No. She pleads for an immoral god, and she knows it. Historia was asking them all to make space for the murderer, not the other way around. She fucking knows it!
The silence was more significant and telling than the noise that once filled the hall.
Some faces were set with apprehension. Few, with serious resolve. Some, with anger. Many looked terrified.
This was no battle cry.
The monster plays Death with people’s lives, and she wants us to move past it like nothing? The girl was pleading for a fragile hope to be delivered, one that was not yet fully determined to come. For one long moment, you saw the mess hall in ruins and a relentless maw. For a few moments, the land wept red, and the heat in your chest rushed in, carving a storm; unending, unabated, and unwavering.
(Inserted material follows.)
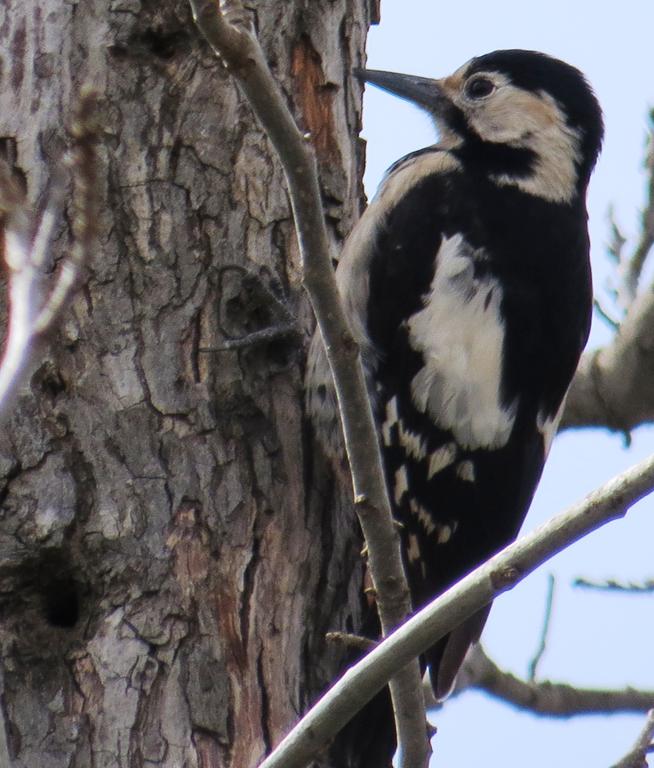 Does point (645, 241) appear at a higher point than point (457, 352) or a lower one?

Historia stepped down from the front of the room, accompanied out by the uniforms.
The door opened, exposing the hardened-faced officer. All eyes had turned. You abated in anticipation, awaiting the consequences of your stupidity. Fuck. The door to the exit, where your carriage remained, was a solid wall of defiance. Fuck me, man.
“The first team will proceed to a secure wing!” he called out with his clipboard. Your eyes darted at the sound of the officer's voice. “We will call groups one at a time to make their attempt. Wait here until your team number has been called!” He turned his back, leaving behind the hard clap of his footsteps in his wake.
After a while, the door creaked open. The first delegation was called, faces like stone and mute, escorted away from your line of sight.
The conversations and ideas you once explored with a ghost, back when you were fresh-faced and bright-eyed, crumbled under the truth of splintered flesh and torn muscle.
The murmurs, like those of your committee, were charged in the room. You were silent for what seemed like ages.
The same officer returned at last, his presence doing more to suck the air from the room. His eyes scanned a list on his clipboard. “Group Eight. Follow me!” his voice carried the sentence like a whip.
Your group shared a look. If you were to fall and fail, at least you would do so together. The hairs on your arms stood up as you peeled yourself from your seat.
It was time to descend to hell.
You breathed through your mouth and out your nose as you willed yourself to walk straighter.
Courage.
They were Team Eight, they had five members, and it was now their job to try to reason with the devil.
The officer led you to a special room some ways from the hall before stopping to nod at two other uniformed men. They worked in tandem; well-trained soldiers were known to be practiced in the conversation of a non-verbal dialect, spurred by the pragmatics of survival.
The clipboarded man was moored, whence the duo beckoned you and your group to follow them. Their guidance led you all to a separate wing of the building.
An unassuming door was pulled back with a grunt, only to reveal another, a widened, iron-band and cladded door. It looked like a vault, but a weary, soiled one. You supposed it was dual-sided; a door unassuming outsiders would think twice about, and a seared exit for its insiders. Once the door was fully opened, the group began to descend, stepping on old stone shaped into stairs, a path that was crooked and low.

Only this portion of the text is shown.